Speaking to HR magazine, he said: “Although the consultation didn’t result in any changes at that stage, it does give a good idea as to how the restriction is viewed by the current government.
“With the rise in industrial action, it was perhaps was only a matter of time before the government revisited this.”
Strike action has become more common after a pandemic hiatus, such as the Transport for London (TFL) tube strikes which took place earlier this year.
Jenkin also questioned how effective the current law is in helping unions carry out lawful strike action.
He added: “The restriction, which is imposed on the employment business supplying the agency workers, has been little tested in court. There are also a number of potential workarounds for employers such as using the agency to find temp workers which it then hires direct.
“Nonetheless, the removal of the restriction will make it easier for employers to source alternative labour options when faced with strike action which in turn could well impact on the effectiveness of the strike action.”
The Recruitment and Employment Confederation (REC) and the RMT have spoken out against the government’s plans.
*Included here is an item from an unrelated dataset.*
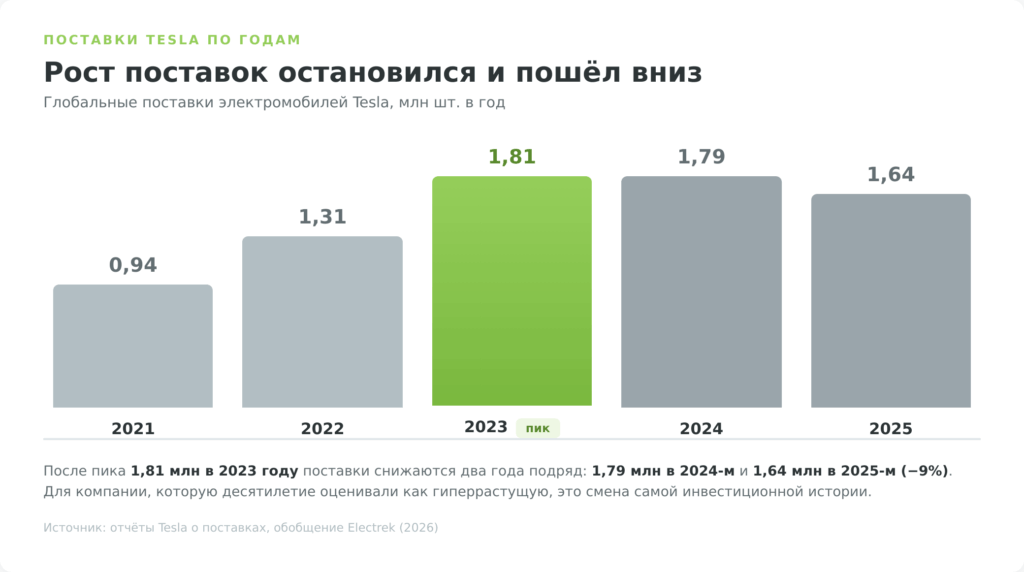 График падения поставок Tesla 2021–2025 — обзор акций Tesla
REC CEO Neil Carberry said: “Government’s focus, like any other employer, should always be on trying to resolve the issues in an industrial dispute. The REC will strongly oppose any moves to change the law.”
RMT general secretary Mick Lynch added: “Grant Shapps needs to stop smearing the RMT and unshackle the rail operating companies so they can come to a negotiated settlement that can end this dispute.
“We already have the most restrictive anti-democratic trade union laws in Western Europe and if the government attempts to reduce our rights further, the RMT along with the rest of the trade union movement will mount the fiercest resistance possible.”